# Need a little help!

1. Jun 7, 2007

### scw287

1. The problem statement, all variables and given/known data

A computer is reading data from a rotating CD-ROM. At a point that is 0.030 m from the center of the disc, the centripetal acceleration is 118 m/s2. What is the centripetal acceleration at a point that is 0.050 m from the center of the disc?

2. Relevant equations

Ac=v^2/r-centripual acceleration
possibly v=2pier/T

3. The attempt at a solution
Aa=Va^2/Ra
Ab=Vb^2/Rb
substituted Va=1.667*r*a, 1.667*ra<<<1.667 I got by dividing .050m/.030m to get the ratio of the radius'

I set up the equations like this:

118^2/.5^2=(1.667*118 m/s^2*V)^2/(1.667*.30)
>>crossed multiplied .25(196.706V)^2=13924(.5001)
solved for V and got V=.720<<<this is wrong

I think I'm on the right track I think theres an error on the way I set up my equations before substituting in the numbers.

Last edited: Jun 7, 2007
2. Jun 7, 2007

### Staff: Mentor

What is Va?

How does V ratio with radius?

3. Jun 7, 2007

### Staff: Mentor

Not quite sure what you are doing, but here's a hint that might help: Rewrite the formula for centripetal acceleration in terms of angular velocity (omega) instead of tangential velocity (v). (How are those two quantities related?)

4. Jun 7, 2007

### scw287

Va means velocity times the acceleration

5. Jun 7, 2007

### scw287

I haven't learned angular velocity yet so I'm not sure how to relate the two. I was trying to use the formula for centrepitual acceleration A=v^2/r
I then set up the equation for the first distance from the center of the CD and then set up a second equation for the second distance from the center. I used the ratio .05/.03=1.667 to tie the two distances together. I then subtitued all the known and solved for the velocity.

6. Jun 8, 2007

### Staff: Mentor

No it doesn't, not as you've used it:

Aa=Va^2/Ra
Ab=Vb^2/Rb

You've used a and b as the first and second points. Call them V1 and V2 if you like to be clearer.
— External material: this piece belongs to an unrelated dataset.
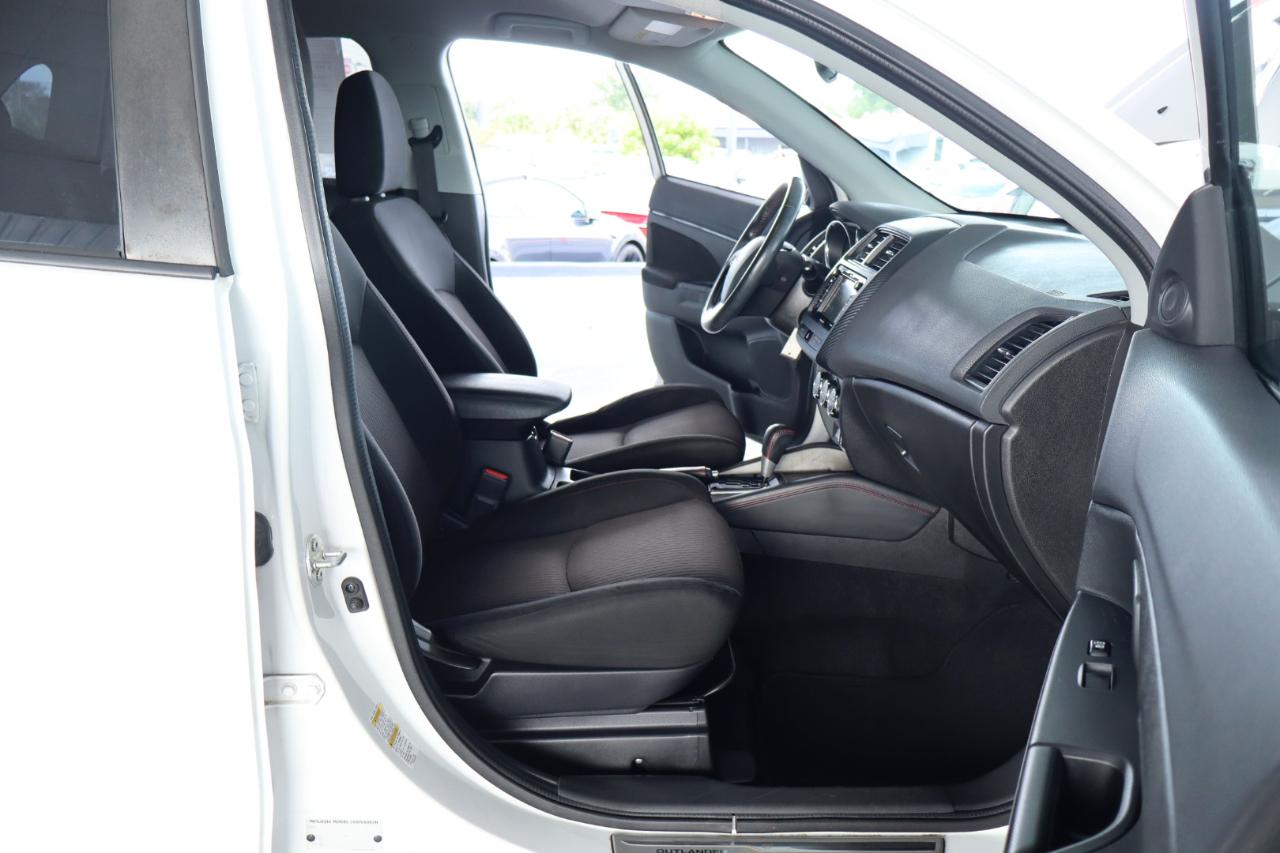 Mitsubishi Outlander Sport AWD 4dr CVT ES 2018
Whatever notation you use, my hint was to calculate the linear velocity (Va or V1 or whatever), and then use what you know about how the velocity varies with radius to solve the problem.

7. Jun 8, 2007

### esalihm

use the expression for centripetal acceleration and see how it is related to the radius. thry to write it in terms of something that these two points have in common (like period of the motion)

then solve for the period. since the period is the same for both, equate the two get the answer.

8. Jun 8, 2007

### scw287

So I'm trying to learn how to do it using the angular velocity way. I'm not familiar with this method and I was hoping if you could check my work.

a = omega^2 r

So a is proportional to r.

a(r) = a(@ r') (r / r')

plug the numbers in and i get

a(.050)=118(.030)(.050/.030)

=118<<i don't think this answer is right, I have a feeling there is something wrong with the left side maybe I'm not supposed to multiply a*the radius???

9. Jun 8, 2007

### esalihm

a is proportional to r but not as "constant = a*r"

look at the equation you wrote first a=omega^2 r
then you get "omega^2(which is a constant) = ........)

10. Jun 8, 2007

### scw287

Its equal to the angular velocity so would it be 118*(.050/.030)

11. Jun 8, 2007

### Staff: Mentor

Exactly right.
Careful with your notation. Express it like this:
a_2 = a_1 (r_2/r_1)

See my note above.

12. Jun 8, 2007

### Staff: Mentor

Exactly.....

13. Jun 8, 2007

### scw287

that is much easier to understand!